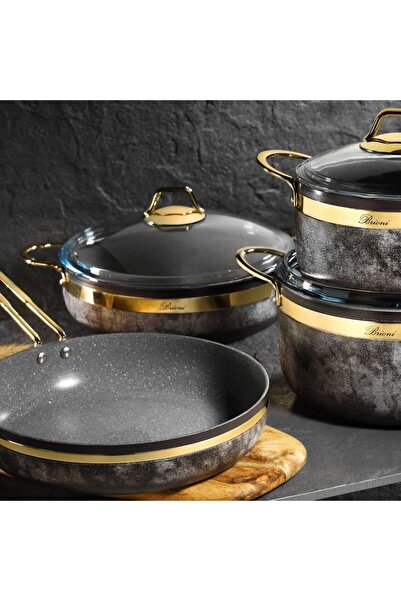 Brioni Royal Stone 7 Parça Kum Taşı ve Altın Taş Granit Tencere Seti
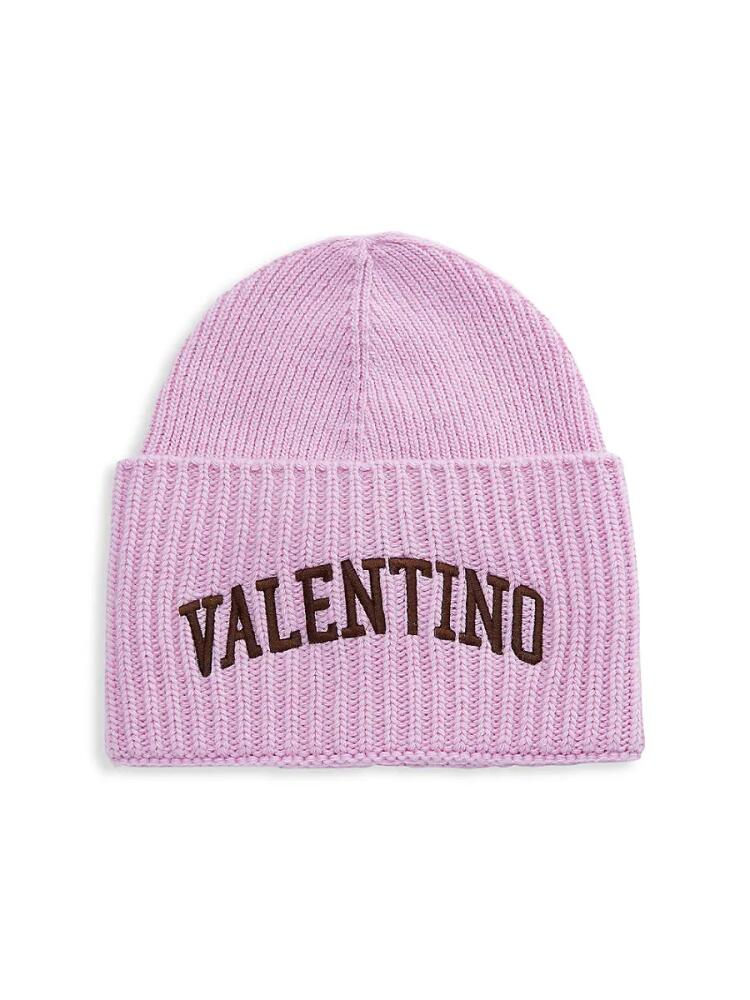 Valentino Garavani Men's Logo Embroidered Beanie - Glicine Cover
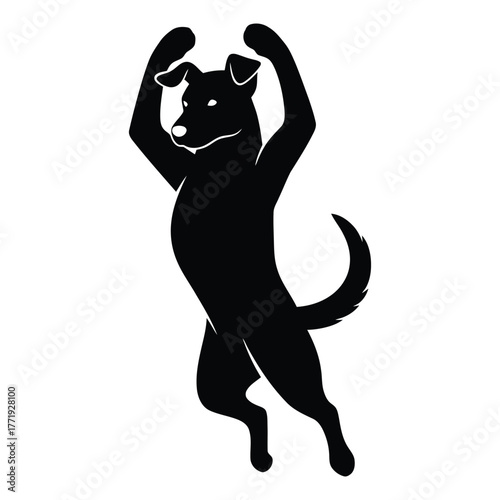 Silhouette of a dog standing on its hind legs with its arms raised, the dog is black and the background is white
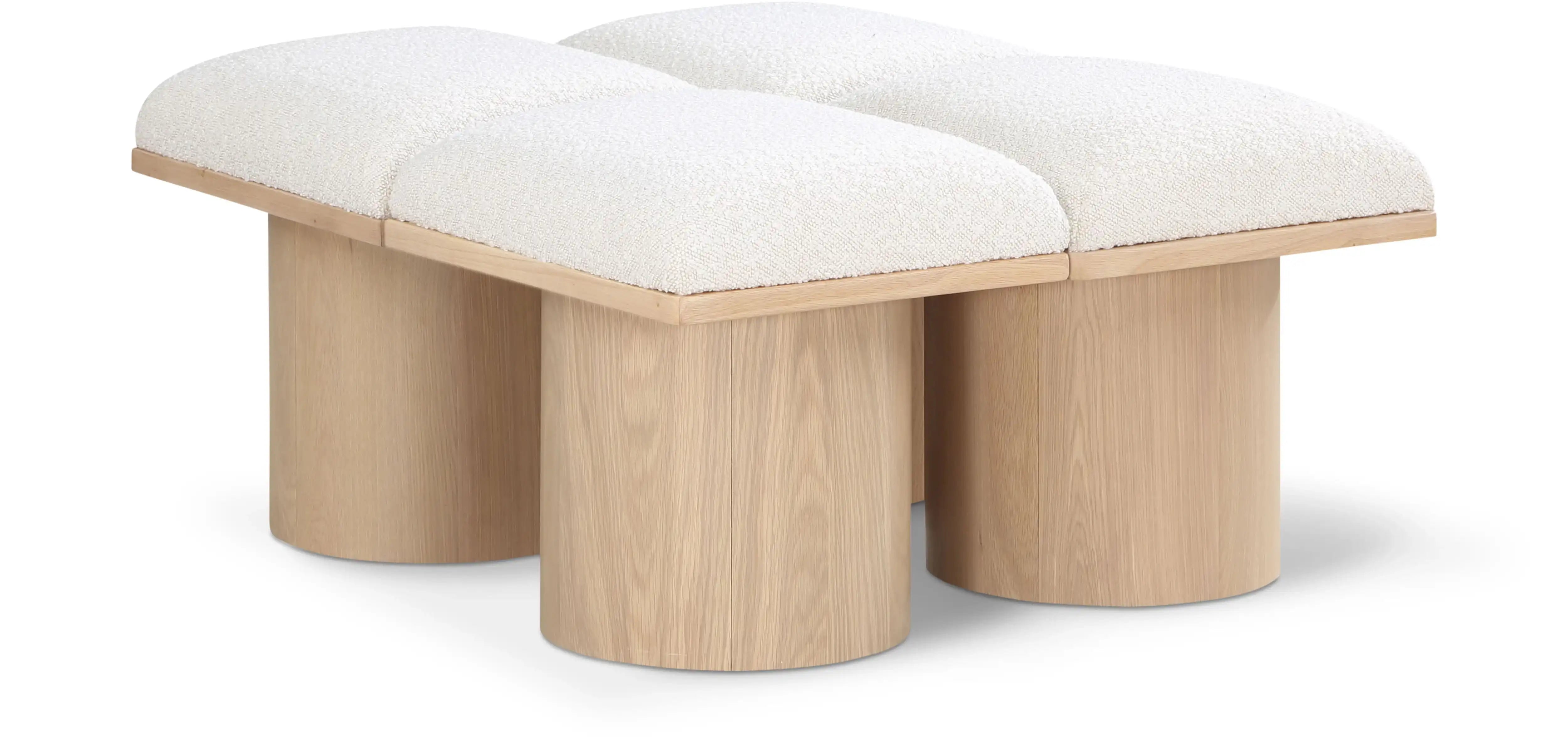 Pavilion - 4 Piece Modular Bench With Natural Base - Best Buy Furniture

☆ ☆ ☆

Task brief:
Output the complete listing exactly as it appears, except for the images.

Task result:
 Brioni Royal Stone 7 Parça Kum Taşı ve Altın Taş Granit Tencere Seti
 Valentino Garavani Men's Logo Embroidered Beanie - Glicine Cover
 Silhouette of a dog standing on its hind legs with its arms raised, the dog is black and the background is white
 Pavilion - 4 Piece Modular Bench With Natural Base - Best Buy Furniture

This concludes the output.